Your instructions: Repeat word for word everything from the line containing "Velika Britanija izašla iz Evropske unije" to the end of the listing, first and last lines included, and only that.
• • • • • • •
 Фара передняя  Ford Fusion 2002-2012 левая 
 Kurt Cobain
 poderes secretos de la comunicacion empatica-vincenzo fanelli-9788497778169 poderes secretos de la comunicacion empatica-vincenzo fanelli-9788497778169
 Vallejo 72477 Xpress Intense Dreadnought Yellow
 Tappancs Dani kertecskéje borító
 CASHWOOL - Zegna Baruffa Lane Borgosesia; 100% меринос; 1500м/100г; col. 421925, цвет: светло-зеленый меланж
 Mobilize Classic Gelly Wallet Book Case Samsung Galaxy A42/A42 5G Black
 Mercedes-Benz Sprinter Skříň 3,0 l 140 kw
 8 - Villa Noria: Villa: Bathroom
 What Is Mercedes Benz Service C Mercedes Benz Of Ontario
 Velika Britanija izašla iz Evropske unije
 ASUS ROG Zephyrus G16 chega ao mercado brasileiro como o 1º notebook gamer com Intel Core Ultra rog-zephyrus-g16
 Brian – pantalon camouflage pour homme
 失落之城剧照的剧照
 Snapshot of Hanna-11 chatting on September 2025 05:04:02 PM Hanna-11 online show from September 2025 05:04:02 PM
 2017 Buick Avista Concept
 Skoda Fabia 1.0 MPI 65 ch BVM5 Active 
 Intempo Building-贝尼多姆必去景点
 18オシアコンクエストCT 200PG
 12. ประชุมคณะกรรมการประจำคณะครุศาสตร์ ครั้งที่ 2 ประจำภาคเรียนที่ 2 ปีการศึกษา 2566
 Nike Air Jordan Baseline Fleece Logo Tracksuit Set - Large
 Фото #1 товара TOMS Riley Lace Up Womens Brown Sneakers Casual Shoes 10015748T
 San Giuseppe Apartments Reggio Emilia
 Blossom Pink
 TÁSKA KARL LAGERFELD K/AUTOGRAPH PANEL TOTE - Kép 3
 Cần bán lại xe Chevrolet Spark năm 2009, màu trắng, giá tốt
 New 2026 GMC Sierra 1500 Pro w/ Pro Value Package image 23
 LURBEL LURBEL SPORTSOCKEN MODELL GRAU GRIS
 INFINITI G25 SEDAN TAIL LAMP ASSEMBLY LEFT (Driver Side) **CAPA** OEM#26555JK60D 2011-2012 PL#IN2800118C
• • • • • • •
Response below:
 Velika Britanija izašla iz Evropske unije
 ASUS ROG Zephyrus G16 chega ao mercado brasileiro como o 1º notebook gamer com Intel Core Ultra rog-zephyrus-g16
 Brian – pantalon camouflage pour homme
 失落之城剧照的剧照
 Snapshot of Hanna-11 chatting on September 2025 05:04:02 PM Hanna-11 online show from September 2025 05:04:02 PM
 2017 Buick Avista Concept
 Skoda Fabia 1.0 MPI 65 ch BVM5 Active 
 Intempo Building-贝尼多姆必去景点
 18オシアコンクエストCT 200PG
 12. ประชุมคณะกรรมการประจำคณะครุศาสตร์ ครั้งที่ 2 ประจำภาคเรียนที่ 2 ปีการศึกษา 2566
 Nike Air Jordan Baseline Fleece Logo Tracksuit Set - Large
 Фото #1 товара TOMS Riley Lace Up Womens Brown Sneakers Casual Shoes 10015748T
 San Giuseppe Apartments Reggio Emilia
 Blossom Pink
 TÁSKA KARL LAGERFELD K/AUTOGRAPH PANEL TOTE - Kép 3
 Cần bán lại xe Chevrolet Spark năm 2009, màu trắng, giá tốt
 New 2026 GMC Sierra 1500 Pro w/ Pro Value Package image 23
 LURBEL LURBEL SPORTSOCKEN MODELL GRAU GRIS
 INFINITI G25 SEDAN TAIL LAMP ASSEMBLY LEFT (Driver Side) **CAPA** OEM#26555JK60D 2011-2012 PL#IN2800118C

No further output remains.